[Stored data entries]
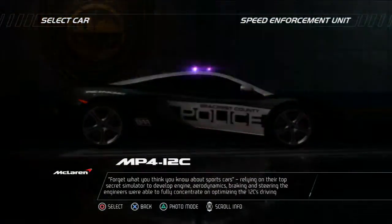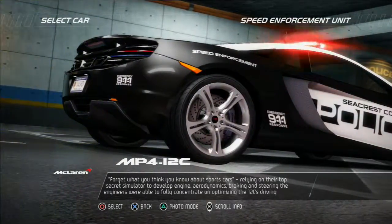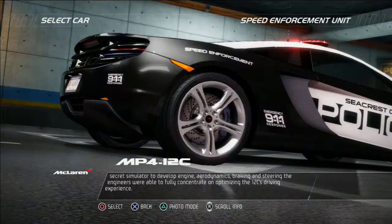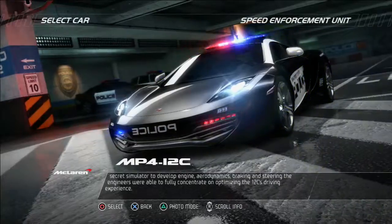Forget what you think you know about sports cars. Relying on their top secret simulator to develop engine, aerodynamics, braking and steering, the engineers were fully able to concentrate on optimizing the 12C's driving experience.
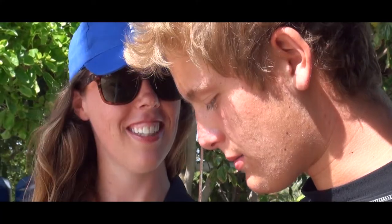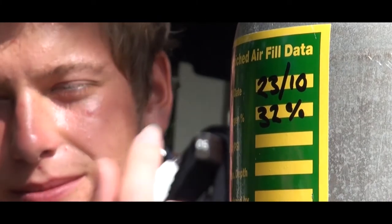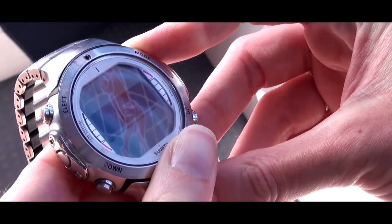Because we use a different gas mix, it is especially important to learn how to analyse the tank before diving. After my instructor taught me how to do this and set my dive computer to Nitrox mode, we were ready to jump in.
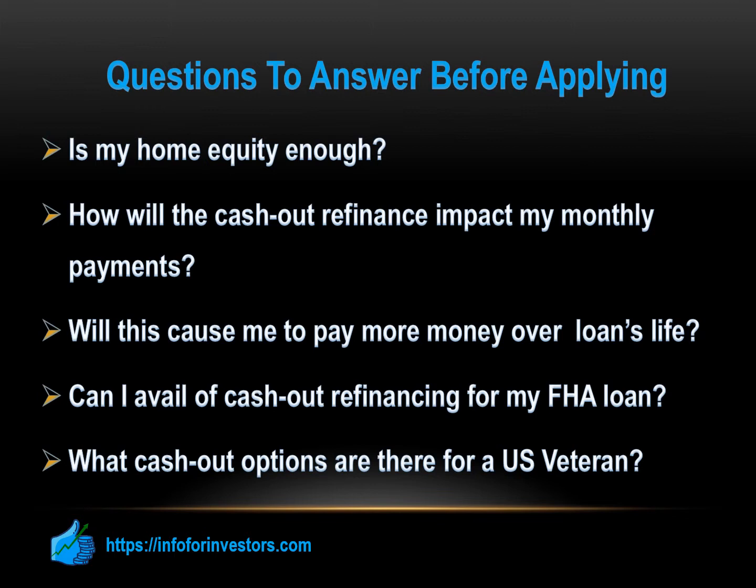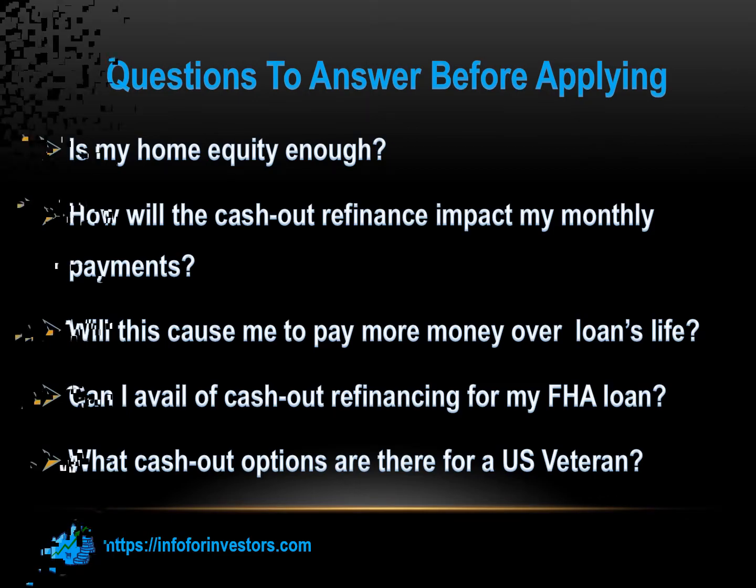But there's more. Supposing that your original mortgage is not a VA loan, but you have veteran, service member, or military family member status, then you may be eligible for a VA cash-out refinancing. Should you not qualify for a VA cash-out, you can always try for FHA or conventional cash-out refinancing.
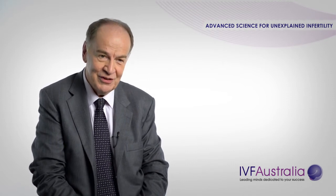When all the testing is done and you still have unexplained infertility, we do have a program for you. And this program is very successful.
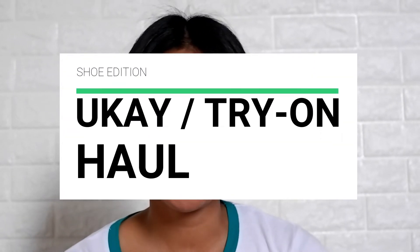I'm so excited about this because I'm so happy with everything that I got. Just like the usual, I'll be doing another Ukay haul, but this time it will be all about shoes — shoes that I got from Ukay-Ukay. If you wanna see the shoes that I've got, just keep on watching!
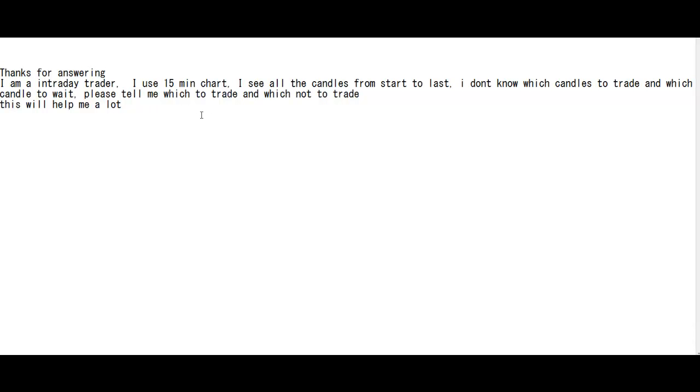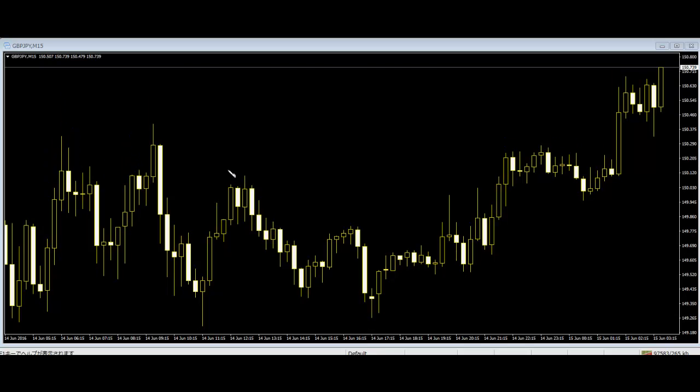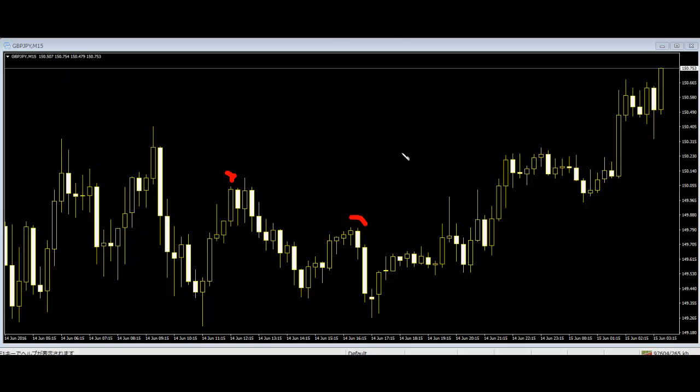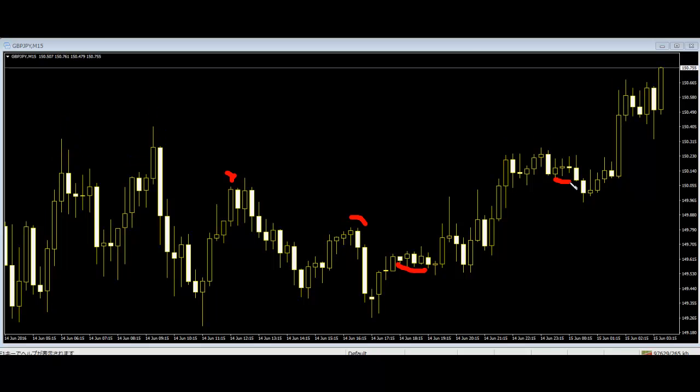This will help me out a lot. Candles to trade are the higher harami and higher engulfing candle, like this. Candles not to trade are the range harami and range engulfing candle.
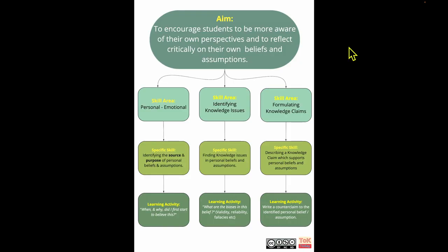I think that idea of knowledge issues and biases is a really useful one for TOK students to have. So we look at each of these skill areas, and I've drilled down to come up with specific skills for each big skill area. For the skill area of personal emotional, the specific skill is identifying the source and purpose of personal beliefs and assumptions. For the skill area of identifying knowledge issues, the specific skill is finding knowledge issues in personal beliefs and assumptions. And for the skill area of formulating knowledge claims, the specific skill is describing a knowledge claim which supports personal beliefs and assumptions.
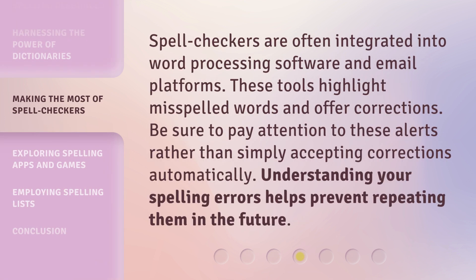Spell checkers are often integrated into word processing software and email platforms. These tools highlight misspelled words and offer corrections. Be sure to pay attention to these alerts rather than simply accepting corrections automatically. Understanding your spelling errors helps prevent repeating them in the future.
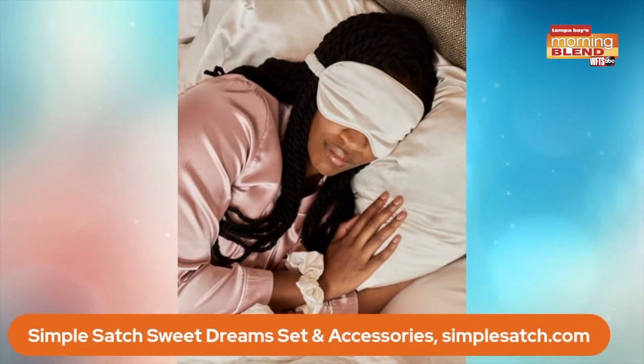And this is a gift I would love to get — the gift of sleep. I love this popular gift for the holidays: luxurious sleep. This is the Simple Satch Sweet Dream Sleep Essentials Set. You get the satin eye mask, scrunchie, and pillowcase. Satin is so wonderful for your skin and hair — it keeps the wrinkles away and the breakage away.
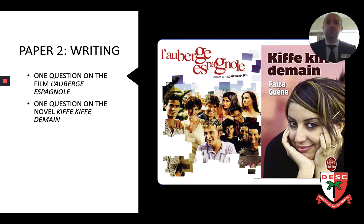Paper 2 focuses on the two cultural topics we study, and in this paper your task is to answer a question on the film and a question on the novel. You have a choice of two questions each time. The answer does not necessarily need to be very long, and you do not need to memorize quotes either, but you can use them if you want to in your essay. The most important criteria to be successful in this paper is to demonstrate that you can answer a specific question while analyzing and drawing conclusions on what's happening in the film or novel.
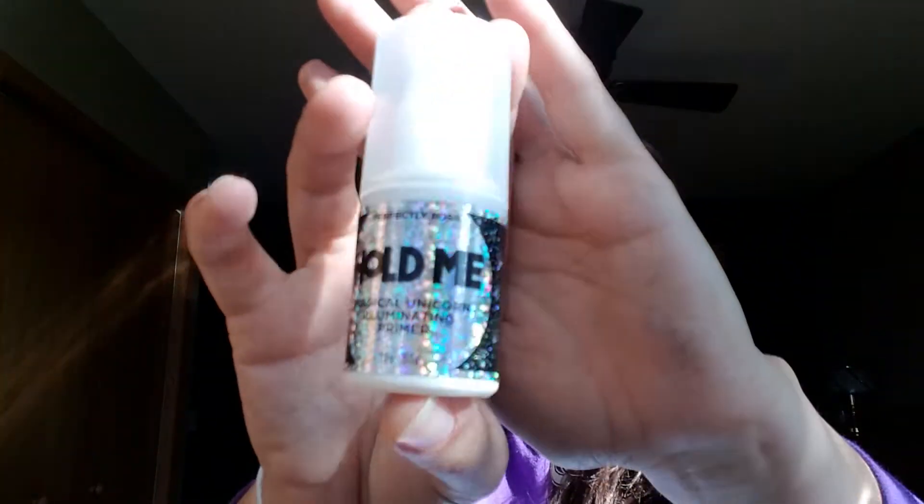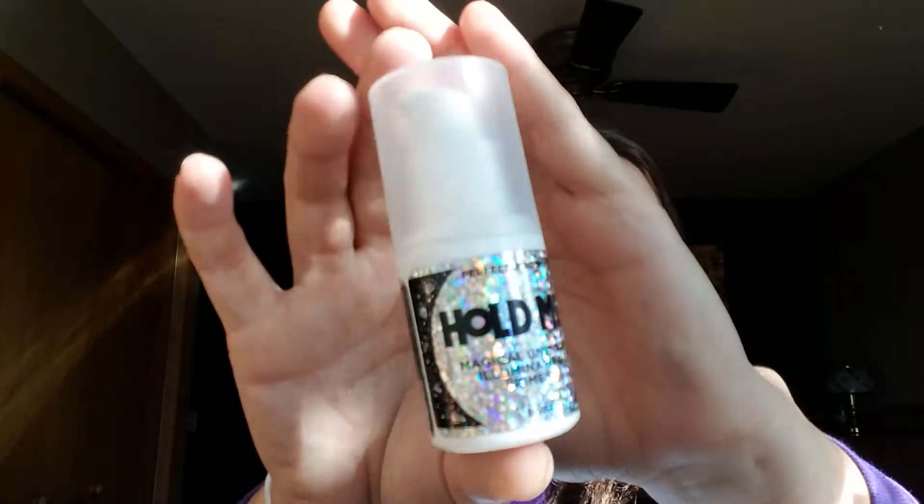So let's get started. For the first week in October, our feature of the week is — I hope you guys can see it — Hold Me Illuminating Primer.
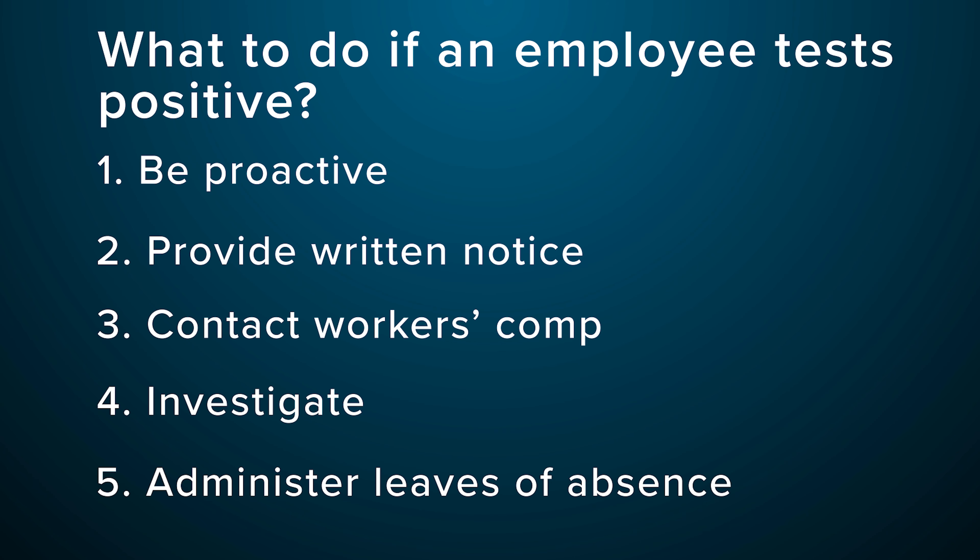Five, administer leaves of absence per your policies and state, federal, and local requirements. This may include COVID-19 related leave, state mandated leave, sick leave, or negotiated leave provisions. Under California law, many employees are eligible for workers' compensation benefits if they test positive during an outbreak at your workplace. Because the burden is on the employer to show that COVID-19 transmission is not work-related, this is just another reason you should investigate and document your findings.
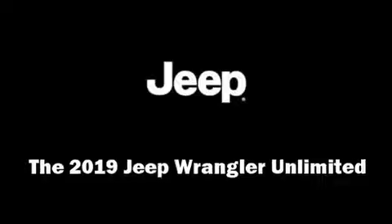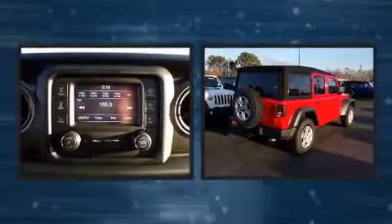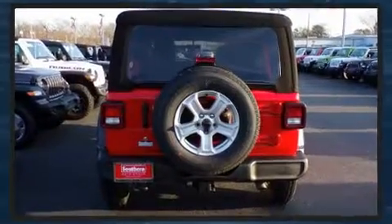Take command of the road in the 2019 Jeep Wrangler Unlimited. Jeep prioritized comfort and style by including variably intermittent wipers, skid plates, remote keyless entry, a trailer hitch, and air conditioning.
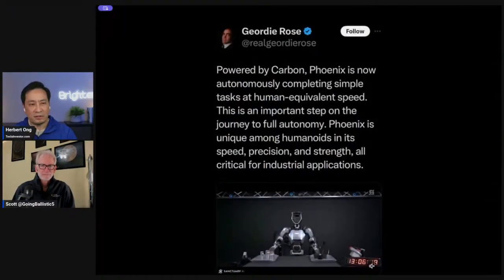It seems like a day doesn't go by without another video. Scott Walter is a two-time robotics founder, and we've done close to 40 videos covering every bot we can get our hands on. Let's start with Phoenix — a robot from Sanctuary, based in Vancouver, Canada. We just interviewed Suzanne Gildert, their CTO.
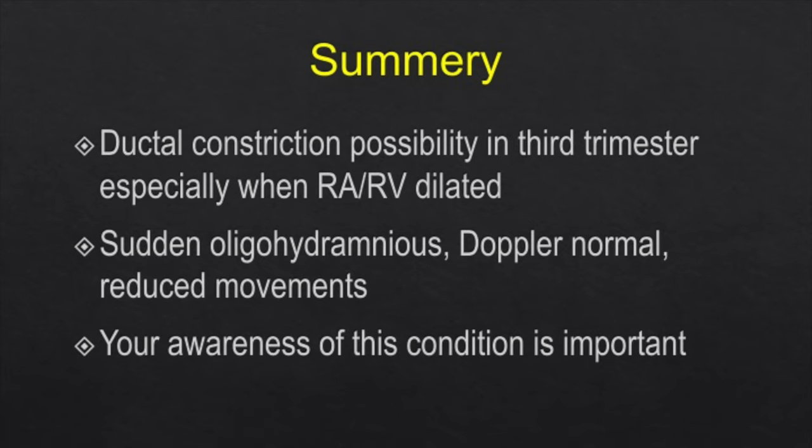Awareness of this condition is very important, as in the third trimester fetal echo sections are very difficult to obtain. Your awareness is key.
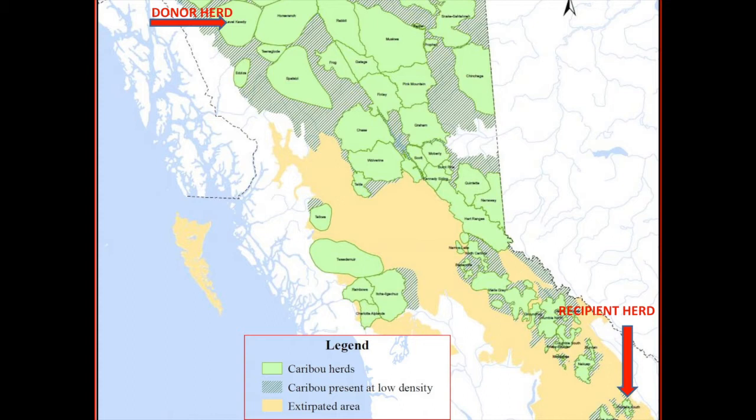It's not only biological considerations we had to deal with — there are significant socio-political considerations as well. We collared 20 animals in October 2011, five months prior to the transplant itself, so that we could obtain pre-movement data on the Level Caudi herd and assist future management of that herd.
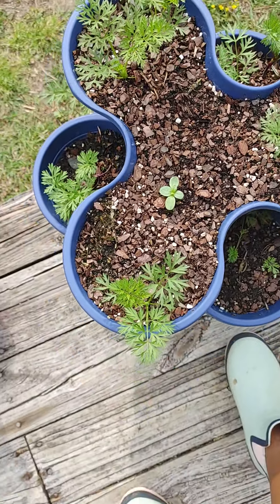And here we have peppers — bell peppers and parsley. And that little corner right there is, I believe, cilantro. Don't quote me on that.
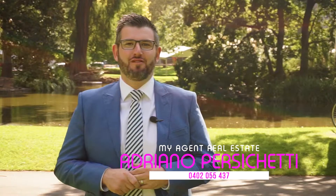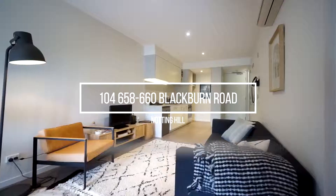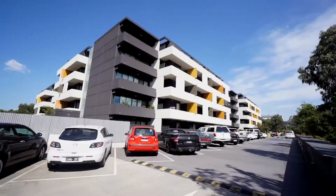Hi guys, Adriano Persecetti from My Agent Real Estate. What's on offer? A beautiful first floor, two-bed, two-bath apartment right here at number 660 Blackburn Road in Notting Hill. It's just a stone's throw away from Monash University. Plenty of shops, plenty of transport, and plenty of lifestyle choices right where your future apartment sits. It's a fantastic unit in a highly sought-after pocket. Let's go and check this place out.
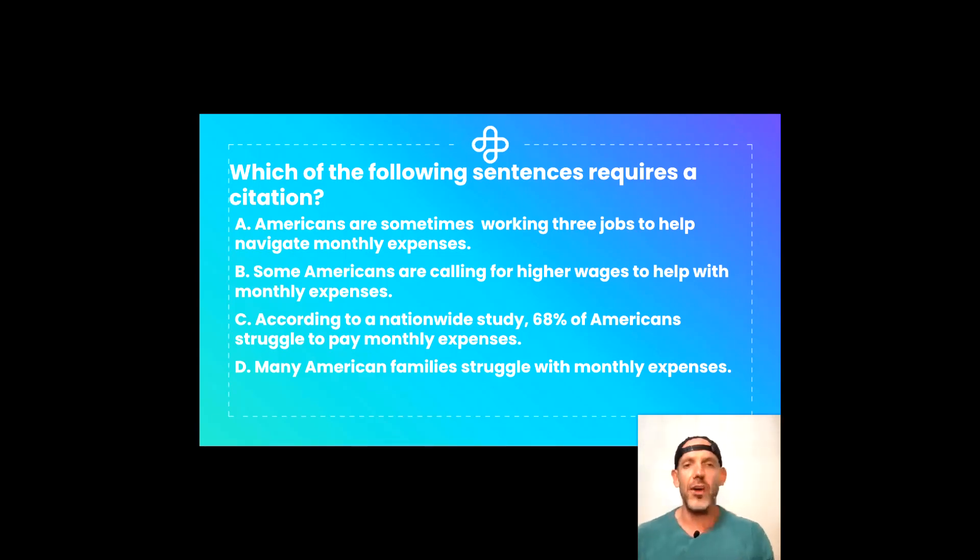We've read the question together, and I want you to click pause on the video and try to answer this question on your own. Don't worry — I'm going to be here to help support you with correct answers, strategies, and a full explanation afterwards. So go ahead, pause the video now. Good luck and have confidence — you got this one.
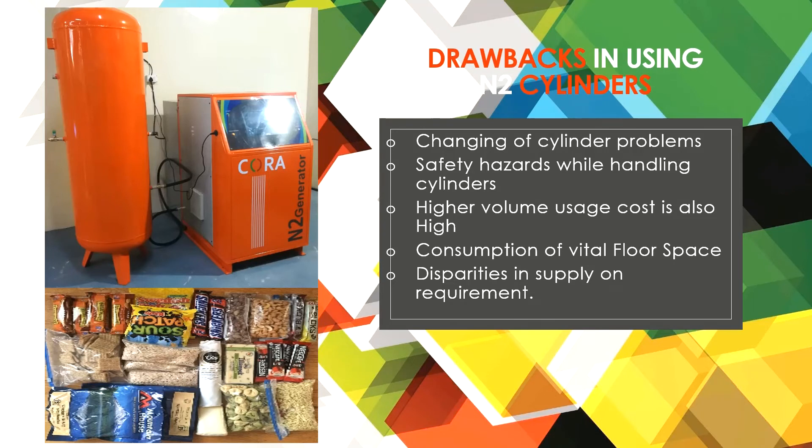Drawbacks of using cylinder-based nitrogen: changing of cylinders, safety hazards while handling cylinders, higher volume usage, high cost, consumption of vital floor space, and disparities in supply versus requirement.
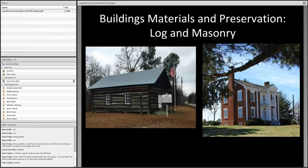The meeting is being recorded. Welcome everyone to this webinar on buildings, materials, and preservation — log and masonry — with somewhat of a focus on the Appalachian region.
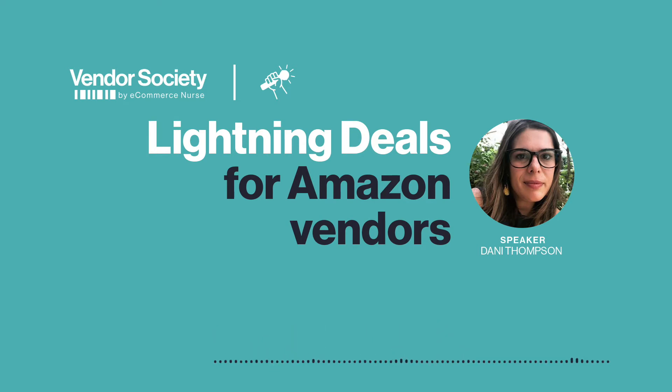It sounds like it's a little complex to calculate all this. Why should vendors run these, and are there certain times where they're especially beneficial? First is extra exposure on Amazon — you're getting exposure on the today's deals and prime day pages. You're also getting that little red banner that's going to stand out when customers search on category pages or search pages, so it's extra standout and hopefully extra traffic and conversion on your product.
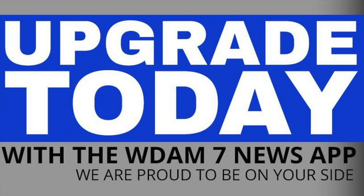To get the update, just search for WDAM News App in the App Store or in Google Play.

### WORK INSTRUCTION
If the records contain pictures, skip them, and transcribe exactly every line from the one with "Drawbacks of using" through the last line.

### RESPONSE AREA
Drawbacks of using cylinder-based nitrogen: changing of cylinders, safety hazards while handling cylinders, higher volume usage, high cost, consumption of vital floor space, and disparities in supply versus requirement.
The meeting is being recorded. Welcome everyone to this webinar on buildings, materials, and preservation — log and masonry — with somewhat of a focus on the Appalachian region.
It sounds like it's a little complex to calculate all this. Why should vendors run these, and are there certain times where they're especially beneficial? First is extra exposure on Amazon — you're getting exposure on the today's deals and prime day pages. You're also getting that little red banner that's going to stand out when customers search on category pages or search pages, so it's extra standout and hopefully extra traffic and conversion on your product.
To get the update, just search for WDAM News App in the App Store or in Google Play.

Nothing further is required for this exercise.